With the pictures omitted, please transcribe exactly the lines beginning at the one that contains "エリクシール　薬用　化粧水＆" and ending with the last line of the records below.

────────────────

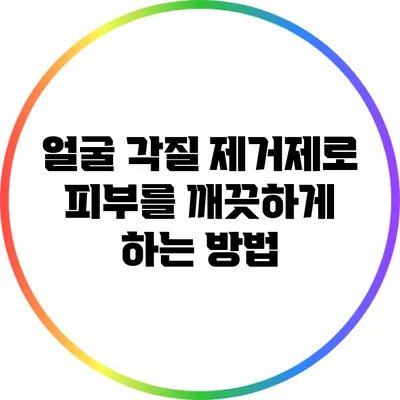 얼굴 각질 제거제로 피부를 깨끗하게 하는 방법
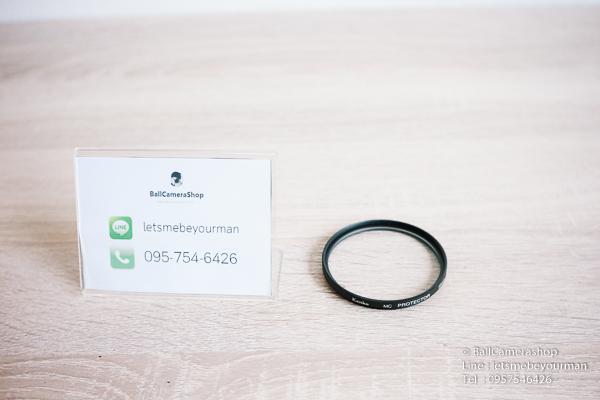 ขาย-filter-kenko-58mm-made-in-japan-สภาพปานกลาง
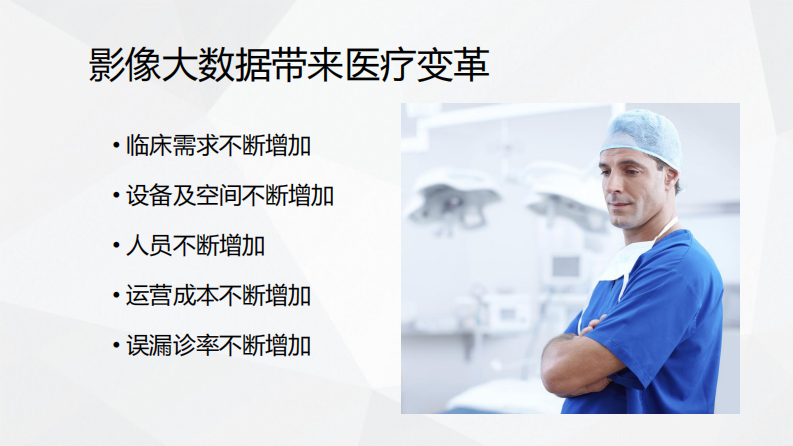 王振常-医学影像AI机遇与挑战.pdf 第4页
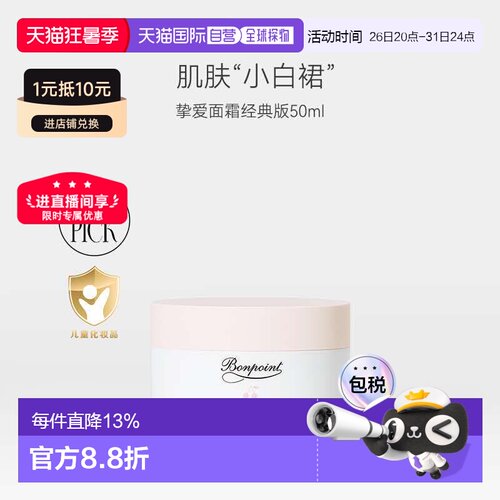 欧洲直邮bonpoint  朋博湾面霜经典版50ml保湿小樱桃舒缓皮肤正品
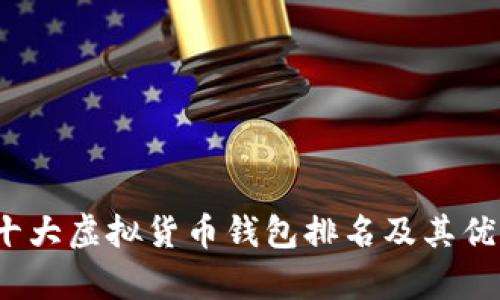 2023年十大虚拟货币钱包排名及其优缺点分析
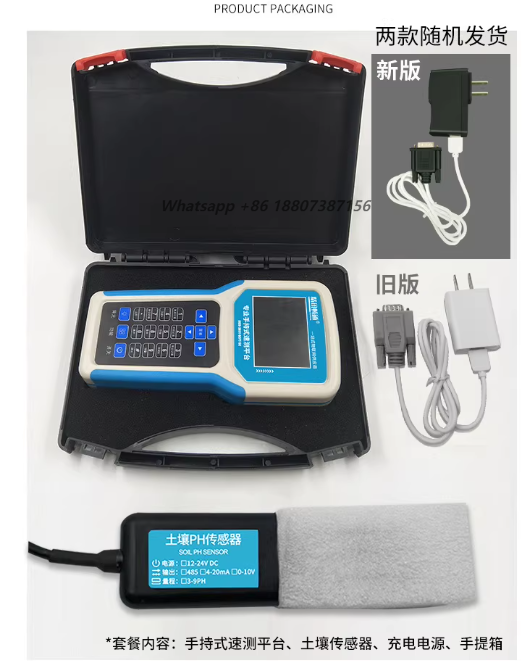 Portable 7-in-1 Soil Parameter - Soil Ph Meter ulasan dan harga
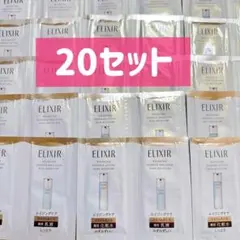 エリクシール　薬用　化粧水＆乳液　サンプル20セット コラジェネシス　エイジング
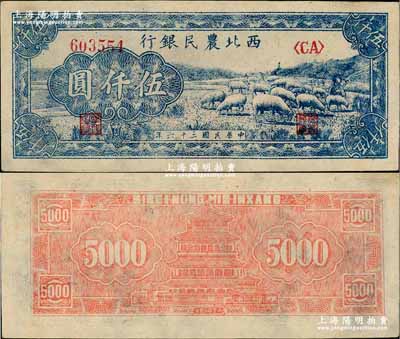 民国三十六年（1947年）西北农民银行蓝色羊群图伍仟圆，江南藏家出品，上佳品相，未折九五成新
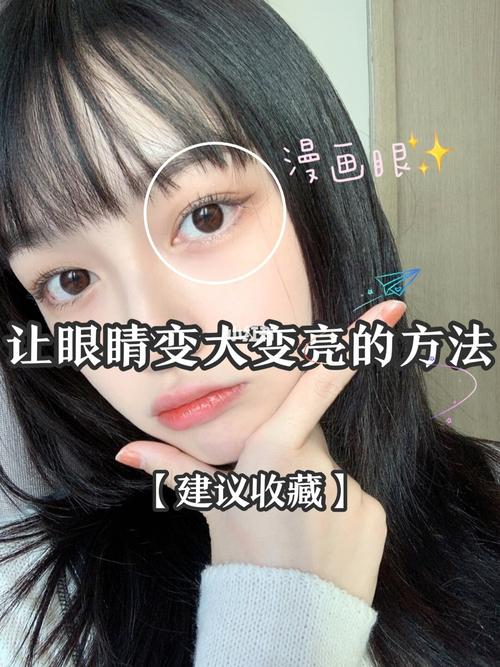 如何让眼睛变大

────────────────

**Task output**
 エリクシール　薬用　化粧水＆乳液　サンプル20セット コラジェネシス　エイジング
 民国三十六年（1947年）西北农民银行蓝色羊群图伍仟圆，江南藏家出品，上佳品相，未折九五成新
 如何让眼睛变大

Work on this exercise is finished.